Pire encore : certains groupes que nous avions déjà repérés l’année dernière n’ont pas été supprimés, alors que nous avions fait part de nos découvertes à Meta. Le groupe « Intercession contre l’homosexualité et autres problèmes de la vie » figure ainsi toujours parmi les premiers résultats de recherche. L’homosexualité est qualifiée « d’abomination aux yeux de Dieu » dans une de ses publications.

Le groupe « Intercession contre l'homosexualité » apparait parmi les premiers résultats sur Facebook pour la recherche « homosexualité » // Source : Capture d'écran Numerama
Le groupe « Intercession contre l’homosexualité » apparait parmi les premiers résultats sur Facebook pour la recherche « homosexualité » // Source : Capture d’écran Numerama

Depuis notre article, le groupe est même passé de 454 membres en 2022 à 1 400 cette année. Cette augmentation est la preuve que l’inaction de Facebook est néfaste, et participe à colporter des idées dangereuses pour une partie de la population.

Le groupe « Intercession » n’est pas le seul. La page « Homosexuality is a sin against God » (« l’homosexualité est un péché contre Dieu »), qui apparait également dès les premiers résultats, existait déjà l’année dernière lors de notre premier signalement. Elle comptait à l’époque 4 100 fans — elle en a aujourd’hui plus de 4 800. Très active, la page publie toujours des contenus assimilant la communauté LGBTQI+ à des personnes diaboliques, ou des passages de la bible incitant à se « repentir ».

La page, ouvertement homophobe, arrive en 2e position lorsqu'on effectue une recherche sur Facebook // Source : Capture d'écran Numerama
La page, ouvertement homophobe, arrive en 2e position lorsqu’on effectue une recherche sur Facebook // Source : Capture d’écran Numerama

Facebook ne protège pas assez les personnes LGBTQI+

Même si certains groupes que nous avions repérés l’année dernière n’existent plus, un constat s’impose : Facebook n’est toujours pas un réseau social sûr pour les personnes LGBTQI+. Outre ces pages d’insultes, il en existe d’autres, encore plus dangereuses, qui pousse à suivre des thérapies de conversion — des « traitements » extrêmement nocifs qui n’ont aucune valeur scientifique.

Ces pages sont très actives, et sont suivies par plusieurs milliers de personnes. « Overcoming Homosexuality » (« surmonter l’homosexualité »), la plus populaire d’entre elles, compte 20 000 followers, fait de la pub pour des t-shirt célébrant les thérapies, et vend des guides pour « se libérer du style de vie LGBT ».

Avant la publication de cet article, nous avons contacté les équipes Facebook et leur avons envoyé une liste de questions.
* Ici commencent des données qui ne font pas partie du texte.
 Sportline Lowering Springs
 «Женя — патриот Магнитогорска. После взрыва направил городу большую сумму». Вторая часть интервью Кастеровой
Au moment de la publication de cet article, nous n’avions pas reçu de réponse de leur part. Les groupes, que nous avons signalés au réseau social, sont toujours en ligne.

Ce n’est pas la seule fois où Numerama a été confronté au manque de réactivité de Facebook. Au mois d’avril 2023, nous publiions une longue enquête sur le cyberharcèlement subi par la chanteuse Mathilde. Les insultes et mèmes dégradants venaient d’un groupe Facebook de 3 600 personnes, que nous avions signalé au réseau social. À ce jour, il est toujours actif, malgré nos demandes répétées. 

L’existence de ces pages souligne le manque de modération de Facebook. Il est surtout inquiétant de voir que peu de choses ont changé en un an, et que des propos abjects peuvent encore exister sur une plateforme comme Facebook. Alors que le nombre d’agressions homophobes a augmenté de 28% en 2022, il est plus que jamais important que les réseaux sociaux prennent de vraies mesures pour protéger leurs utilisateurs — sans attendre de signalement de la part de médias pour agir.